→ **What you should do**
The answer must consist solely of the lines from the line with "2000 ACURA INTEGRA" to the final line of the data below, reproduced exactly, pictures omitted.

(Collected data entries)
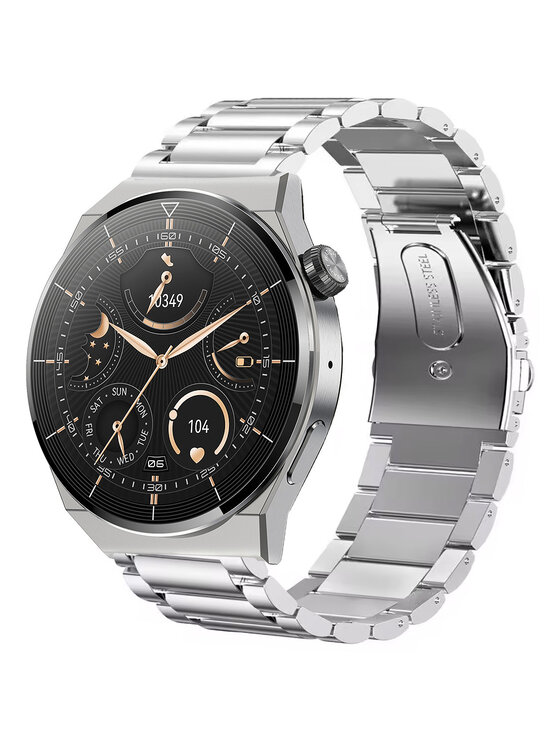 Enter Enter Orologio SAT.111.1111 Argento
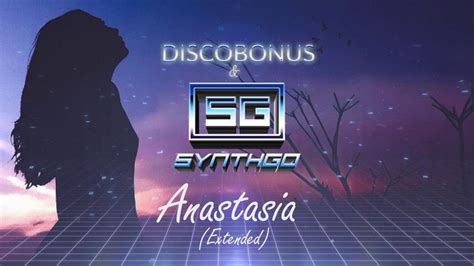 DiscoBonus Synthgo Anastasia Extended In 2023 Anastasia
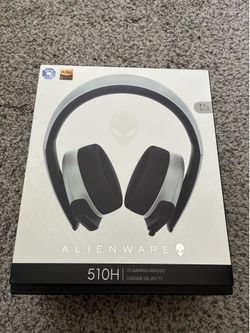 Alienware 510H 7.1 Gaming Headset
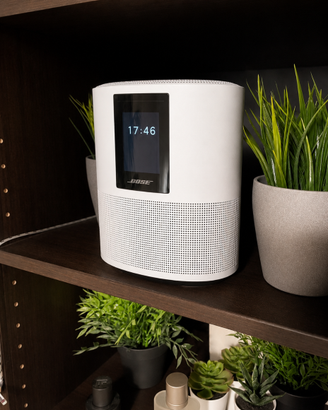 Bose home speaker 500 bluetooth Alexa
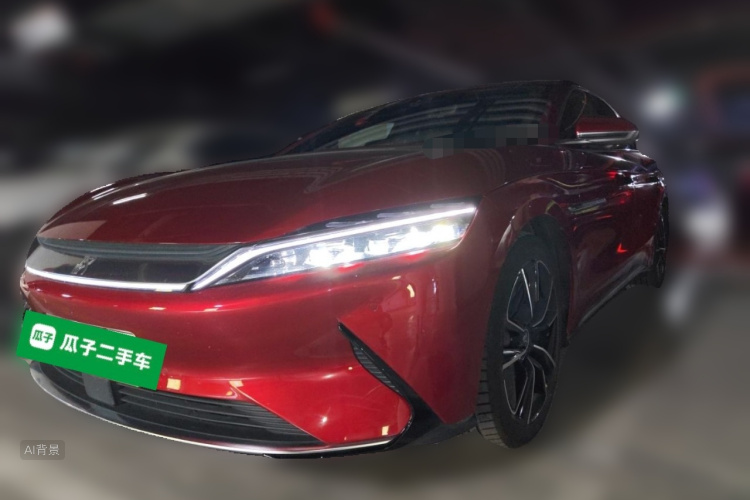 BYD Han 2020 car image #2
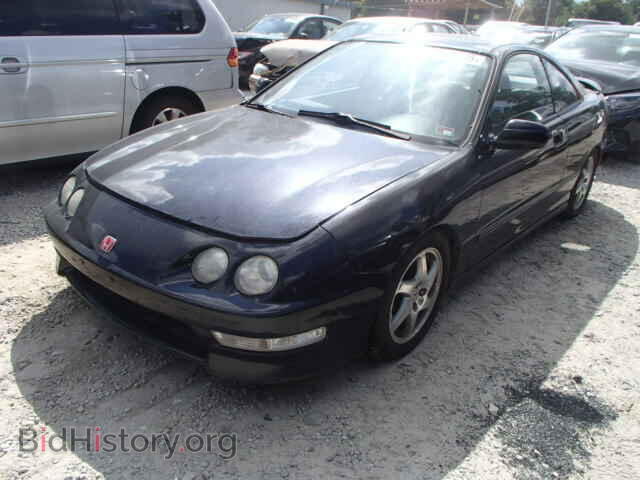 2000 ACURA INTEGRA - VIN: JH4DC2392YS005360 - Фото 2
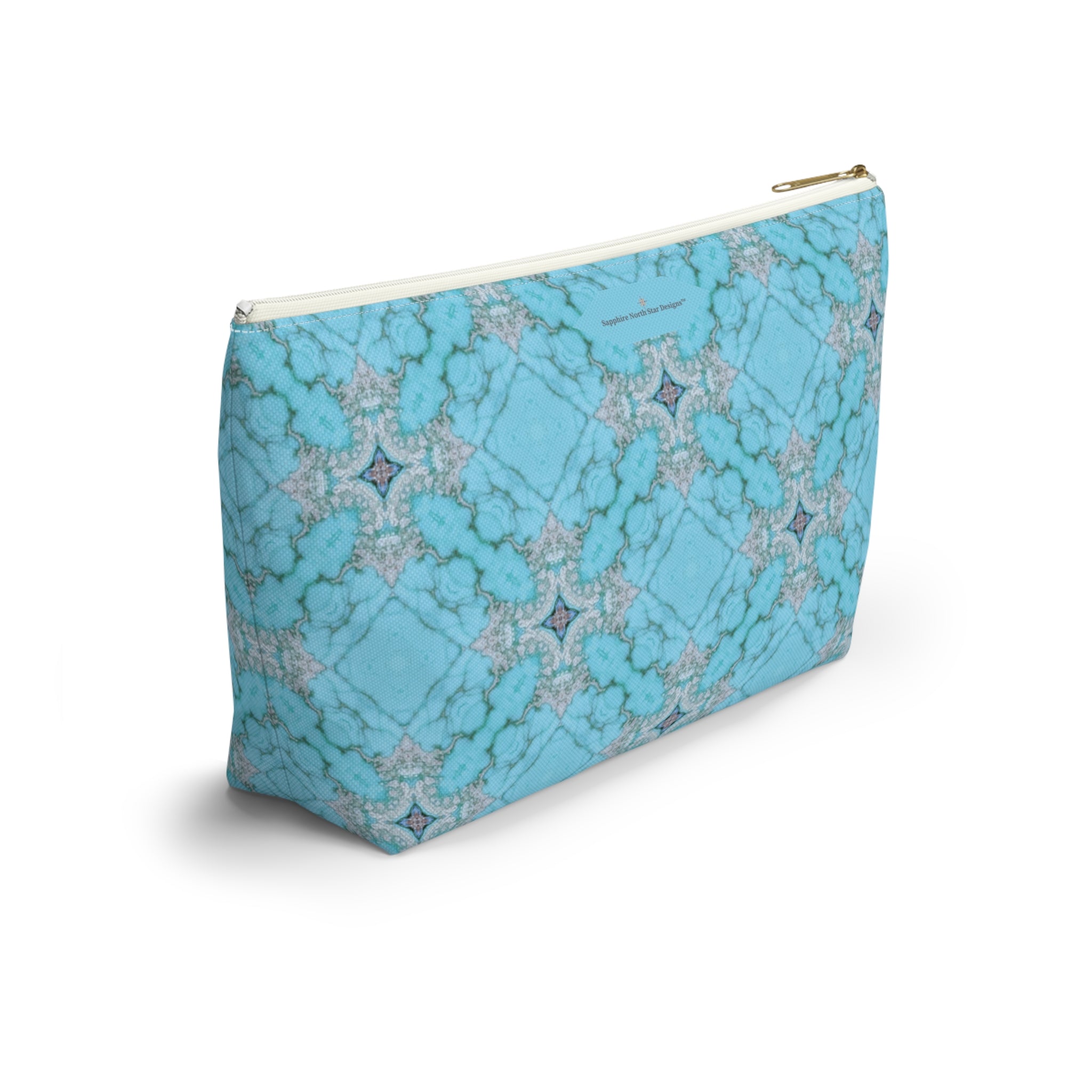 Omawnakw Cosmetic Bag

→ **Exercise output**
 2000 ACURA INTEGRA - VIN: JH4DC2392YS005360 - Фото 2
 Omawnakw Cosmetic Bag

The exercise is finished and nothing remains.